Well from your choice of wording throughout it is clear you are not looking at this case dispassionately.
A more current example from this page you claimed the case was 'laughed out of court', it was eventually lost yes, but laughed out of court has certain tone to it and generally refers to when a judge or jury dismisses a case out of hand. You have no evidence for this whatsoever, the slant you add is an emotive one, not a logical one. There is a difference between a case lost and a case with zero credibility. Even Tony Blair asked
BA not to fight this case, and there was a lot of sympathy for the plaintiff.

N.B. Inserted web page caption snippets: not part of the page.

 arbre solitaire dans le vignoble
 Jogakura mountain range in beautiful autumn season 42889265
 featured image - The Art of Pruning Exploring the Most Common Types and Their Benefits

As far as the case was concerned it is transparent it was fought on the wrong grounds, because compromises were offered before the incident resulting in her suspension a good lawyer (I am sure
BA has a few of those) could argue that it was not discrimination against her. The real issue was a lack of equality, something subtly different, discrimination by application of different standards. In this she was right, but the law covers this issue differently than direct religious discrimination. She could not prove that
BA was attacking Christians per se, which sadly is the standpoint she brought the case forward on.
In any case
BA changed its policy towards wearing religious iconography. This defused any claim of discrimination and achieved the primary equality goal, and likewise showed that change was needed and the prior system was unfair. Again proof that there was to some extent a case to answer.